Asia still top executioner but more divided than ever: Hands Off Cain Report
“Asia is responsible for 98.4% of the executions worldwide, with the 3 main executioner countries being China, Iran and North Korea, all illiberal countries where official information about the use of the death penalty is shrouded in secrecy. This explains how the abolition of the death penalty is linked to the battle for democracy and rule of law,” said Elisabetta Zamparutti, who supervised the publication of the report.
Top 3 executioners: China, Iran and North Korea
Relying on the number of death penalty cases reviewed by the Supreme People’s Court (SPC), Hands Off Cain estimates that about 5,000 executions took place in China in 2010, representing 85.6%, of the world total.
In 2007, a legal reform required that every capital sentence be reviewed by the SPC. In 2010 only, it dealt with 12,086 cases of various types.

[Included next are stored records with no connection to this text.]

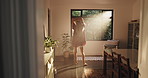 Dance, sunshine and back of woman by window with music for freedom, relax and happiness. Morning, bedroom and person in home ready to start day with energy, confidence and movement for celebration
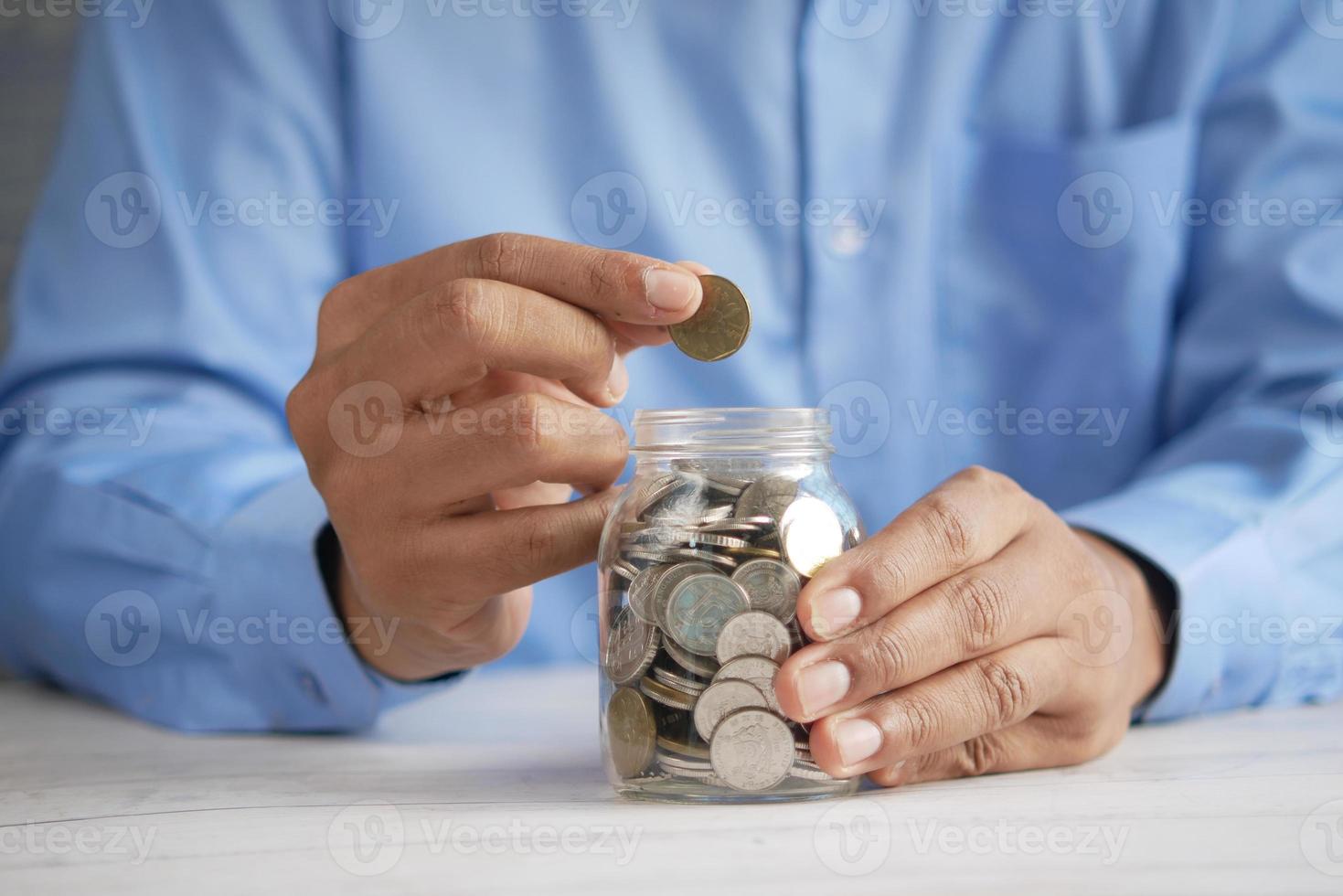 young man saving coins in a jar white sited photo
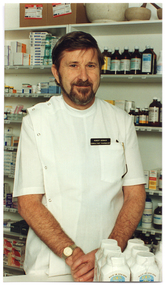 COL photo of a man standing behind a pharmacy counter. There are some medications on the counter in front of him, and a wall of shelves full of various medications behind him.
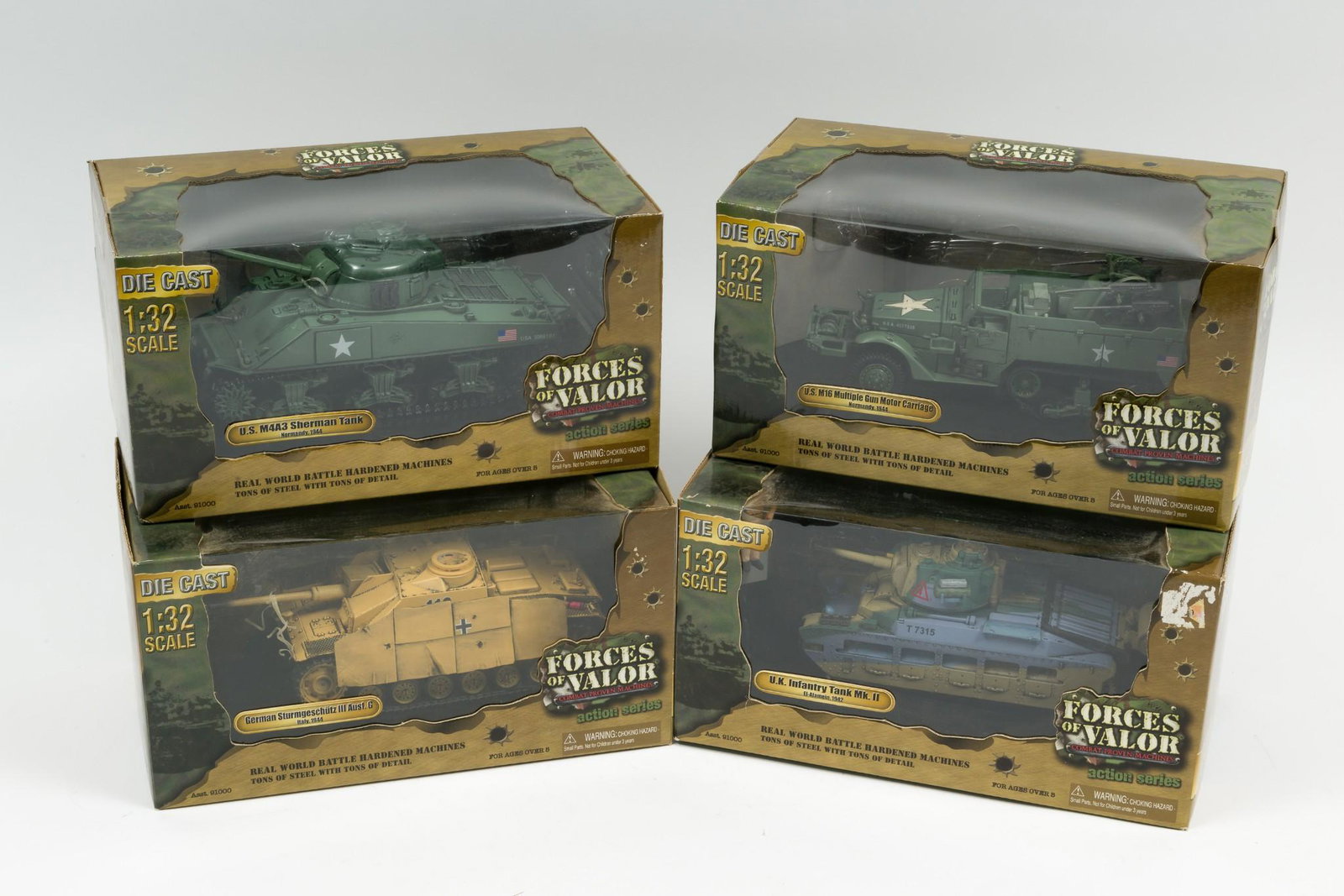4 Forces of Valor Action Series Die Cast 1:32 Vehicles: Includes U.S. M4A3 Sherman Tank Normandy, 1944, U.S. M16 Multiple Gun Motor Carriage Normandy, 1944, U.K. Infantry Tank Mk. II El-Alamein, 1942, and German Sturmegeschuts III Aust. G Italy 1944. All i
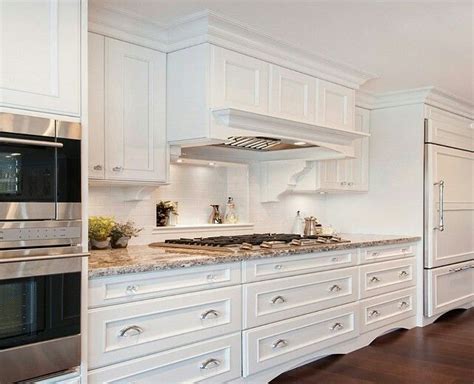 When most homeowners go for monochromatic in the kitchen, they'll opt for a timeless bright white. Hood design Benjamin Moore | Oxford White Cabinets ...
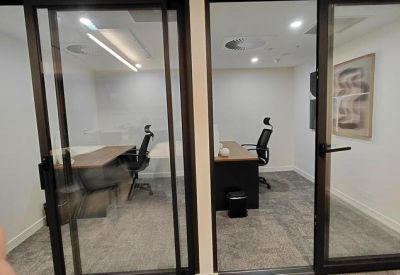 Two private glass-fronted office suites with desks and ergonomic chairs.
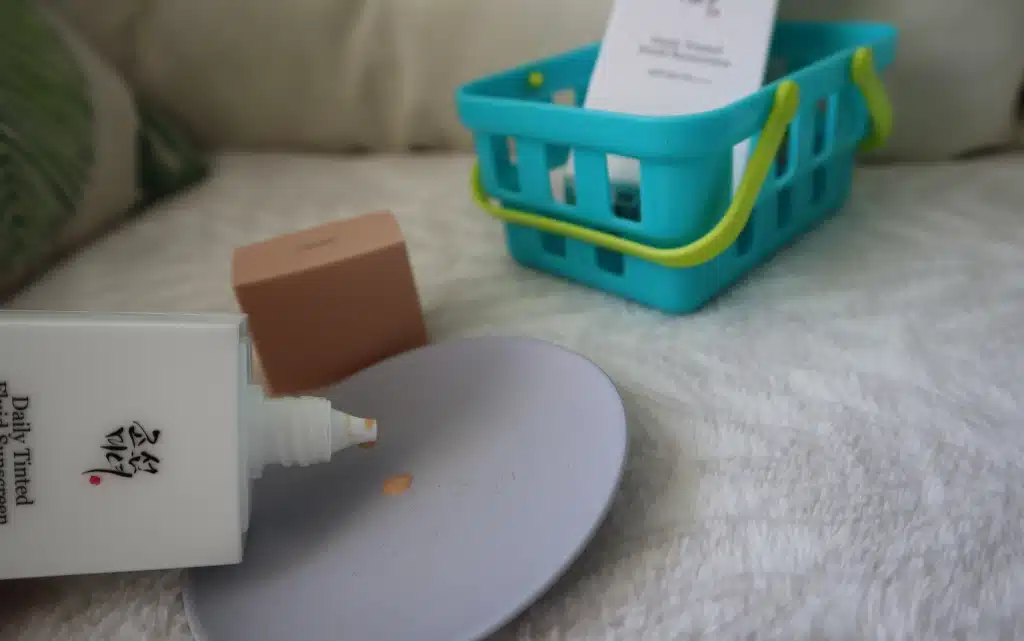 Otwarta buteleczka kremu na słońce Daily Tinted Fluid Sunscreen Beauty of Joseon pokazująca lejącą konsystencję produktu, w tle niebieski koszyczek i poduszki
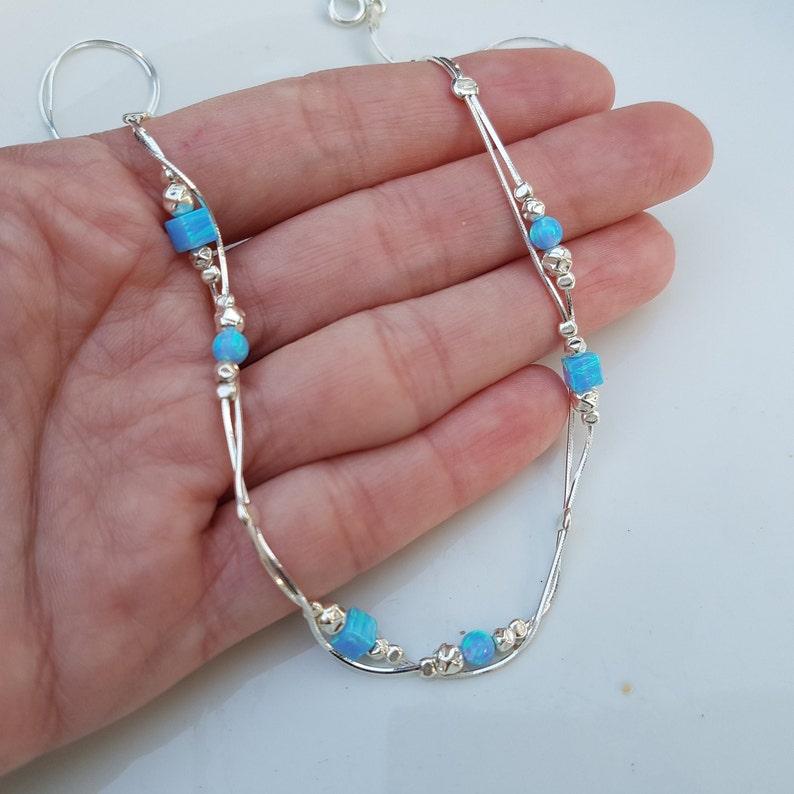 May include: A silver chain anklet with two strands and small silver beads. The anklet has five blue opal stones, four of which are square and one is round.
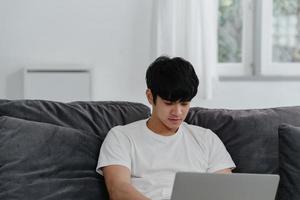 freiberuflicher asiatischer mann, der zu hause arbeitet, männlich kreativ auf laptop auf sofa im wohnzimmer. Geschäftsinhaber Unternehmer, junger Mann, Computer spielen, Social Media am Arbeitsplatz im modernen Hauskonzept überprüfen. foto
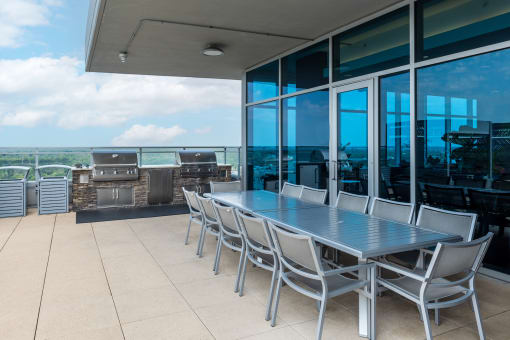 a dining area with a table and chairs on a balcony at Two Twelve Clayton, Clayton, 63105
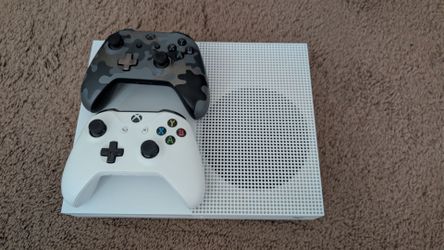 Xbox One S console with 2 controllers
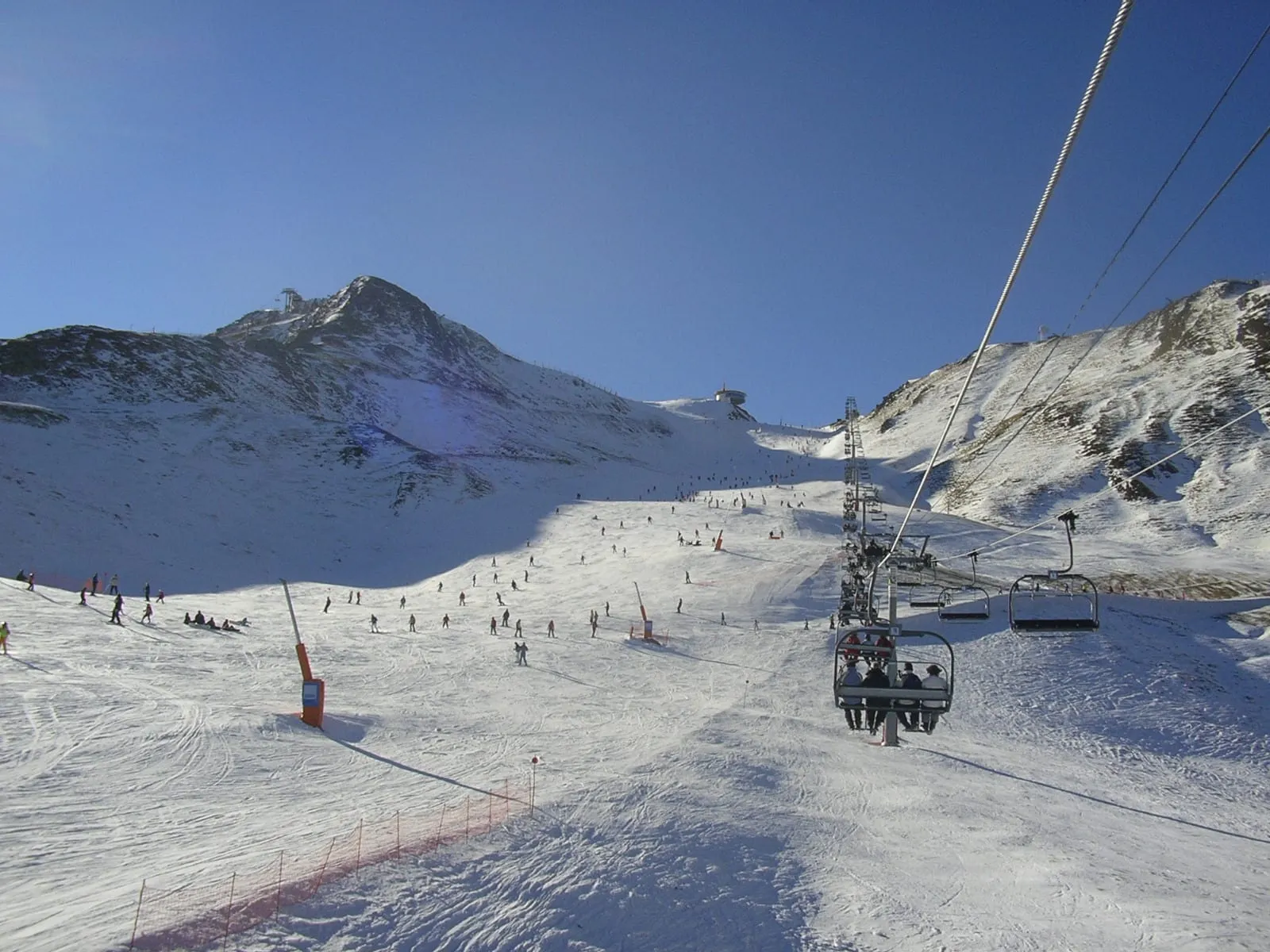 Skiers on wide open pistes in the Pas de la Casa sector of Grandvalira, beside a chairlift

Although China still executes thousands of people, it has also reduced the scope of the death penalty: “On February 25, 2011, China dropped the death penalty for 13 non-violent crimes and banned capital punishment for offenders over the age of 75 in a move seen as symbolic but unlikely to significantly reduce executions.”
Referring to Iran Human Rights’ report, Hands Off Cain confirms that Iran put at least 546 people to death. It also stresses that in violation of international standards, Iran conducted public executions and “Iran was the only known country to carry out the death penalty in cases involving those who were minors at the time of their crimes”, at least 2 in 2010 and 3 in 2011.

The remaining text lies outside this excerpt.